After Winning a Grammy For Best Folk Album, Madison Cunningham Gives Revealer a Second Life

Music Features Madison Cunningham
After Winning a Grammy For Best Folk Album, Madison Cunningham Gives Revealer a Second Life

Three months ago today, California multi-instrumentalist and singer/songwriter Madison Cunningham took to the Arena stage in Los Angeles to accept the Grammy Award for Best Folk Album. Her sophomore LP, Revealer, was a smash hit and vaulted her into an elite corner of music history. Cunningham was nominated alongside Judy Collins, Janis Ian, Aoife O’Donovan and the Punch Brothers, all peers of hers that she greatly admires. With summer looming, the magic of that night has begun to wane, though she sometimes questions if the magic of that night ever existed to begin with. “It still feels like it maybe didn’t happen,” she says, chuckling. “I think that’s a version of a high.”

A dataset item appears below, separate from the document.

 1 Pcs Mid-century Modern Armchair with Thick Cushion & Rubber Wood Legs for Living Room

After taking in the absurd, euphoric privilege of winning a golden microphone, she quickly went back to work on her music. “I definitely came back down to Earth very quickly, but there’s a fever dream sort of romance that hovers around it still,” Cunningham adds. “It’s so surreal that it’s easy to distance yourself from, and then you’re facing [the question]: ‘Can I write a good song again?’” The answer is yes, as she is one of our brightest storytellers. A focal part of Gen-Z’s burgeoning nucleus of multi-hyphenates, Revealer helped Cunningham skip the “star in the making step” altogether.

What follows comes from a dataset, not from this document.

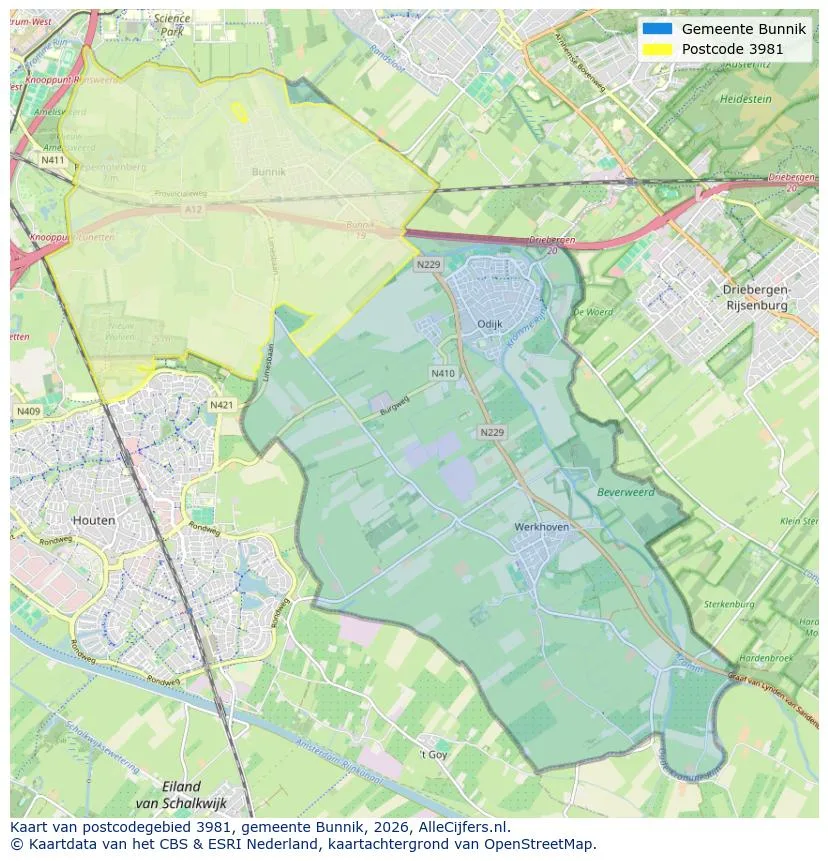 Postcodekaart voor 3981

Despite winning Best Folk Album, Cunningham has never bought into the notion that she fits into that genre. In fact, she rejects genre as a general concept. “I think they are very shortsighted and narrow, because their descriptions can only do as much as they can,” she says. “It’s all a bit silly.” Revealer being nominated next to Collins’ Spellbound was an odd juxtaposition from the Recording Academy. While the latter was another tender entry from one of folk’s most-beloved songbirds, it was a sonic that Collins has been revisiting over and over for decades. Cunningham’s album, in contrast, was a fresh, inventive take on what “folk music” means in a contemporary space. Meandering across every subgenre and texture from rock ’n’ roll’s spectrum, Revealer was deftly perfect and rightfully rewarded with the proper hardware.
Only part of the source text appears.